Не был он склонен к героизму и не любил риска. На труса не тянул: когда припирали к стенке, бился за свои идеи или своих детей, но отчаянно стремился избегать таких ситуаций. Никогда не соглашался с тем, что считал ошибочным, но предпочитал промолчать, чем спорить. Когда его критиковали, первое побуждение было ответить, потом начинал советоваться со всеми встречными и в конце концов не отвечал. Был импульсивен, впечатлителен, «психовал», но не действовал сгоряча, а совещался с кучей народа. Был отличным стратегом, военные кампании (в науке без них никуда) тщательно планировал; из него вышел бы начальник штаба. Избегал высказываться по вопросам, не входившим в его компетенцию, кроме случаев, когда это было важно, — а важно было и то, что Турция обижает Болгарию, и то, что сосед обижает лошадь. Пугался эксцентричности. Был восприимчив до чрезмерности к чужому мнению, жадно читал, кто что про него пишет, за поддержку восторженно благодарил, на критику сердился. Был в курсе всех сплетен, сам любил посплетничать; перемывая кости противникам, употреблял весьма крепкие выражения. Любил плакаться в жилетку (иногда кокетничая) и умел утешать других. Был честолюбив, любил награды — и мог отказаться от желанной медали, поленившись явиться за ней. Мечтал быть бизнесменом, делал успешные инвестиции, но вечно страшился разорения. Был не то чтобы прижимист, но бережлив. Материальную помощь оказывал обдуманно и «точечно»: поддержка молодого ученого, пенсия старому. На первом месте для него всегда стояли интересы детей: им не отказывал ни в чем, как и его отец. Дети всегда были правы, за исключением случаев, когда они были не правы в чем-то принципиально важном. Что касается не вполне благовидных поступков — самые недоброжелательные из серьезных биографов насчитывают один (о нем речь впереди). Мы можем гордиться тем, что раскопали второй: неблагодарность к Роберту Гранту.

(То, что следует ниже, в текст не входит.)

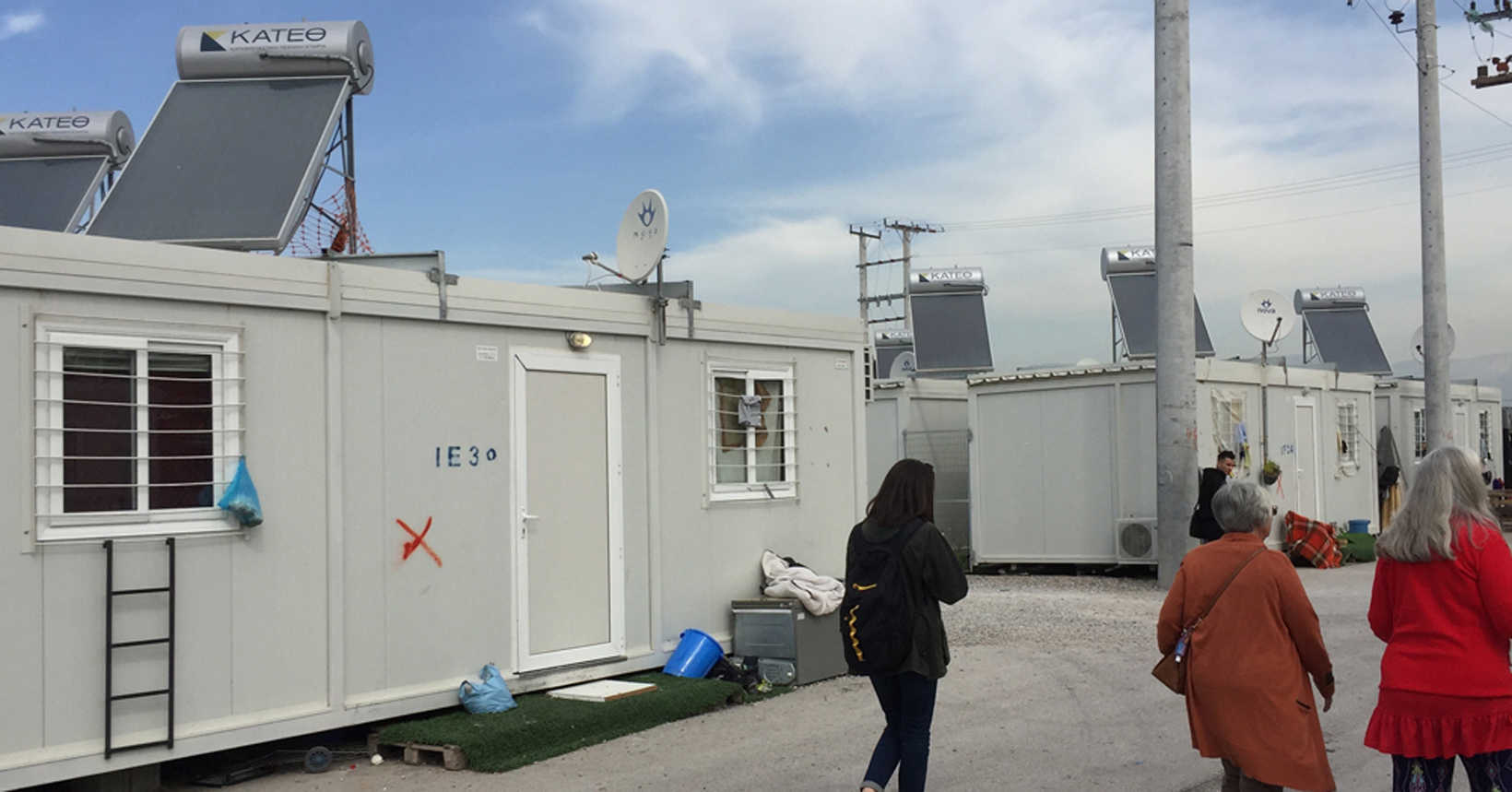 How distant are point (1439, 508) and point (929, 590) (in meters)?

Летом 1846 года Эмма с детьми поехала по родным, муж хворал, плакался ей: «Я паршивая старая собака и вою… сидел в беседке, наблюдая грозу и размышляя, как же повезло мне, что у меня есть дети и такая жена», писал о старости и «смертном одре» — Эмма к таким словам уже привыкла и не реагировала. К осени ему полегчало, сдал издателю «Геологические наблюдения», «самую занудную из моих книг». В письмах утешал Фицроя, у которого ничего не вышло с губернаторством. В сентябре вернулась жена, привезла с собой сестру Элизабет, сняли для нее коттедж у Лаббоков. 9 сентября поехали с Эммой в Саутгемптон на конференцию БАРН, там был Агассиз, поспорили из-за ледников и негров (Агассиз считал их видом, не имеющим отношения к человеку), тем не менее Дарвин нашел, что американец не так уж плох и в его выдумках о ледниковом периоде, возможно, что-то есть. Отдохнули две недели в Портсмуте, первую половину октября жили в Лондоне: визиты, концерты, театр. Хорошо развлеклись. Эмма забеременела.
«В следующие восемь лет Ч. Дарвин происхождением видов не занимался, а писал монографию об усоногих» — подобную фразу можно прочесть во многих жизнеописаниях Дарвина. Дальше могут строиться предположения, почему не занимался: болел, боялся публики, критики, жены. Это, пошедшее неизвестно от кого, утверждение не имеет ничего общего с действительностью. О чем бы Дарвин ни писал, он писал о происхождении видов, и сам на это указывал. Но, быть может, в конце сентября 1846 года, начав возиться с морской мелюзгой, он еще не связывал ее с главным трудом своей жизни. Возможно, он поступил как человек, что раздает долги и наводит порядок накануне дуэли: прежде чем ввязаться в бой, решил подчистить «хвосты», а «хвост», собственно, оставался один — часть экспонатов с «Бигля», которые никто не описал. Придется самому, тем более что это одни из его первых любимцев, крохотные водяные зверушки, у которых и позвоночника-то нет. Зато есть усы.